A whole day dedicated to your needs? Er, think again
It’s not actually about you at all
Despite the name, Father’s Day is actually about your children. It’s the one day in the year when you really have to make the effort to be the perfect dad – because that’s what your little ‘uns think you are.
Breakfast in bed isn’t exactly as good as you remember
Strong hot coffee, buttery bacon baps, freshly squeezed orange juice – you can forget all that. Breakfast in bed now means food prepared by your children, eaten while your children climb all over you.

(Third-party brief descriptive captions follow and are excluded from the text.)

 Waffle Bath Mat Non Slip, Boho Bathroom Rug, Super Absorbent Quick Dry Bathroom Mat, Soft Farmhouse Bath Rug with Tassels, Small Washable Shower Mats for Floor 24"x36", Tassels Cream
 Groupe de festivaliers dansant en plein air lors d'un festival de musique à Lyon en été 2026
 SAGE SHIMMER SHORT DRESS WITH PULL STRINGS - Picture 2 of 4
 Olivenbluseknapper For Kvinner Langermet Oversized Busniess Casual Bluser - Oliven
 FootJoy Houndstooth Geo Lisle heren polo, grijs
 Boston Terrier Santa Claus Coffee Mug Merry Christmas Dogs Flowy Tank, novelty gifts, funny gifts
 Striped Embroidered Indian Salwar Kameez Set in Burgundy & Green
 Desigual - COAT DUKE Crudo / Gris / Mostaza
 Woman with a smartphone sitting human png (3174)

Pro-tip: it's probably best not to be hungover.
The quality of your present might be questionable
But that’s OK, because you can never have enough hilarious socks, right?
Your “dads eat for free” pub lunch won’t be massively relaxing
Mostly because everyone else in the pub will be there on the same deal. With their children.
You won’t be allowed to stay in the pub and have a drink either
No 'me time' today Mr. Oh no.
Father’s Day won’t get you out of doing the washing up
Do you remember how on Mother’s Day you made a big thing of pointing out to your other half that she’s not actually your mother? Today, you reap what you sowed. In fact, if anything, you’ll be doing more in the way of childcare: it may be Father’s Day, but we still know who really wears the trousers.
You’ll no longer forget your own dad on Father’s Day
And you’ll be consumed with guilt for all those times you did. I mean, seriously. How could anyone forget Father’s Day?
But, despite it all, Father’s Day beats birthdays hands down
Your kids think you’re amazing – and when you think about it, being their dad sort of means you are amazing.